YOUR GOAL:
Begin at the line containing "Absolutely YES! 🍣" and restate it and each line after it exactly, up to and including the last line below. Leave pictures out.

[Opening DATA BELOW section]

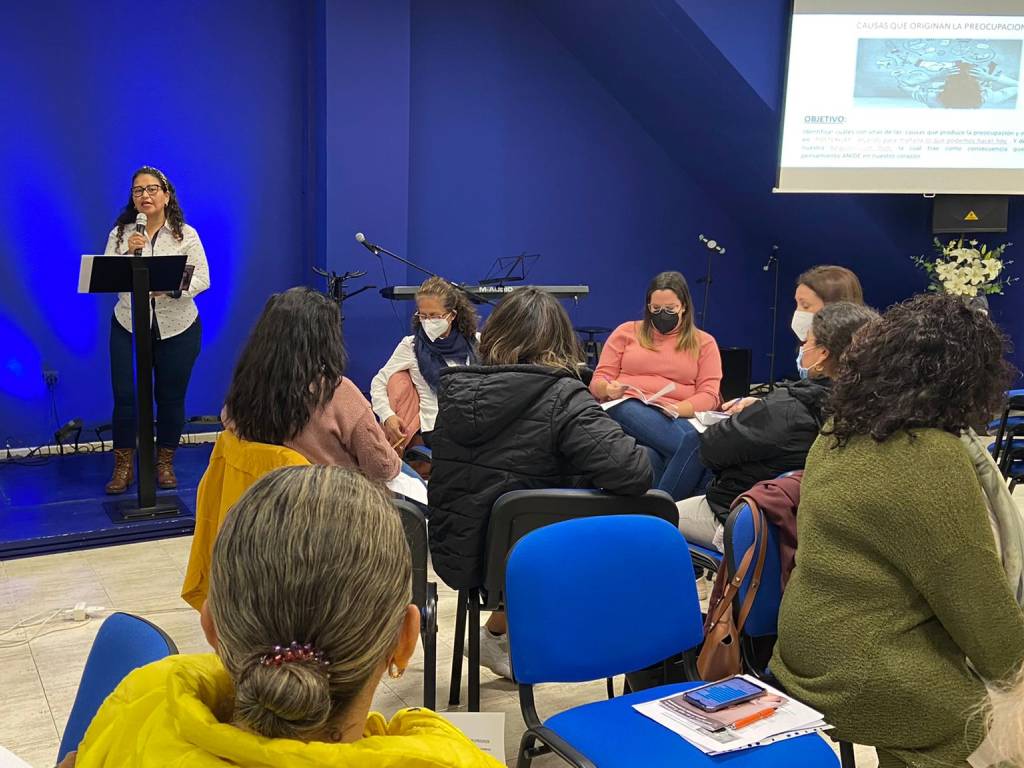 Reunión de  mujeres  | Centro de Vida Cristiana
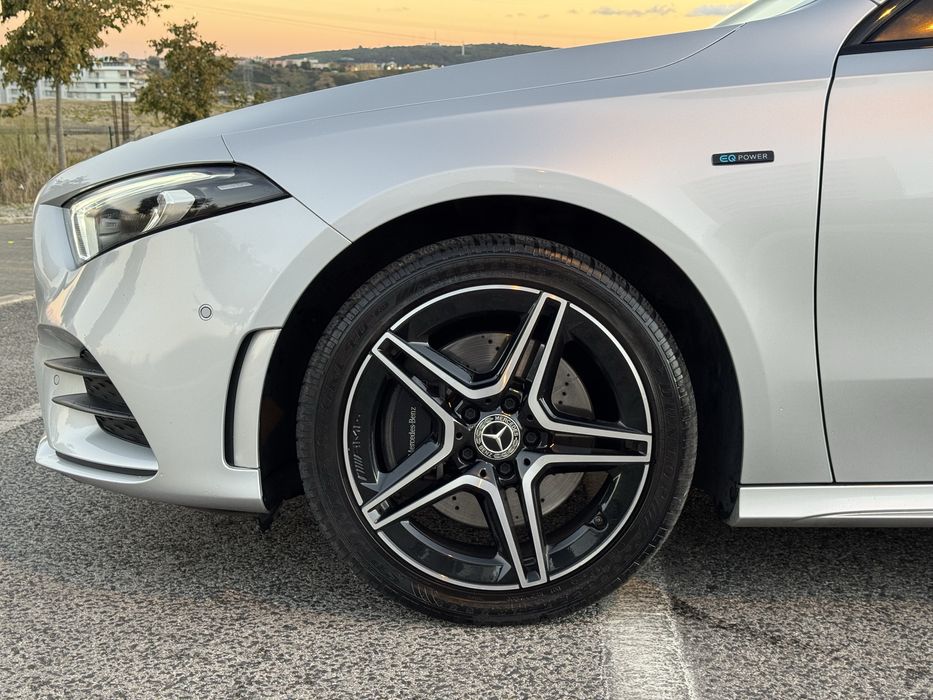 Mercedes A250e Limousine AMG 2021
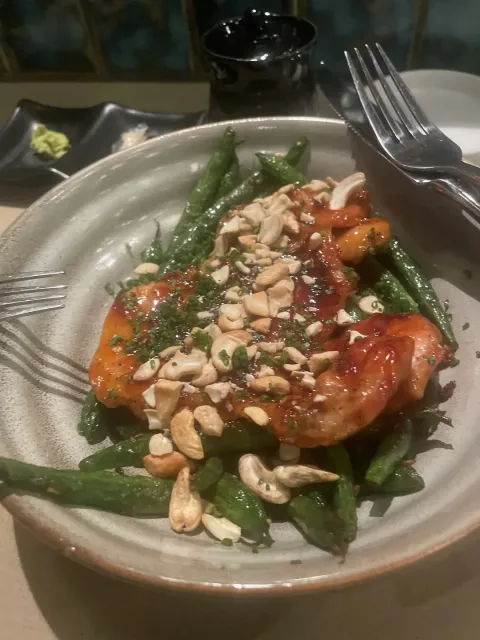 🍣 Go to Bamboo Sushi & NOT Order Sushi? Absolutely YES! 🍣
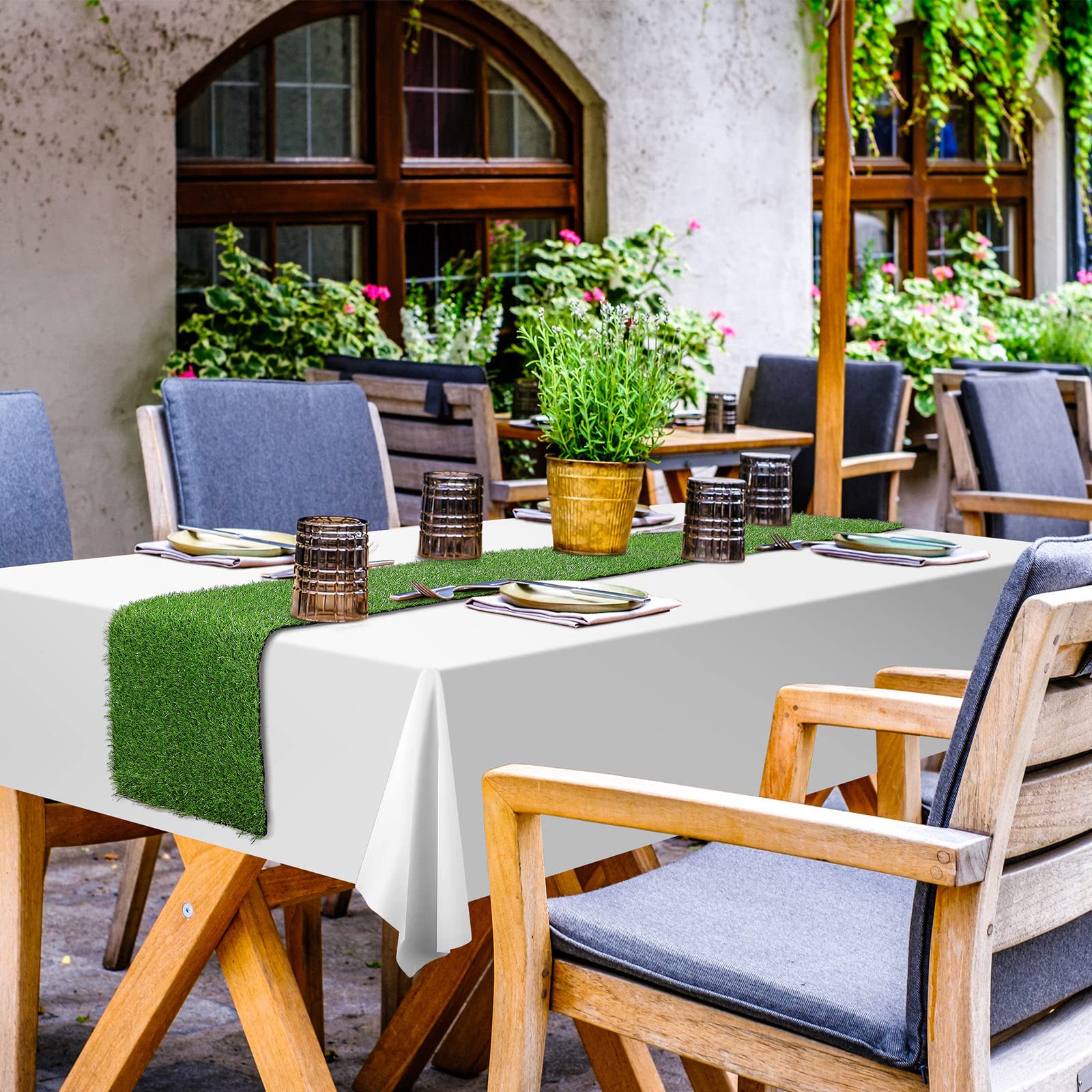 Amazon｜ホワイトプラスチックテーブルクロスと人工芝テーブルランナー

[Closing DATA BELOW section]

ANSWER TO THIS EXERCISE:
 🍣 Go to Bamboo Sushi & NOT Order Sushi? Absolutely YES! 🍣
 Amazon｜ホワイトプラスチックテーブルクロスと人工芝テーブルランナー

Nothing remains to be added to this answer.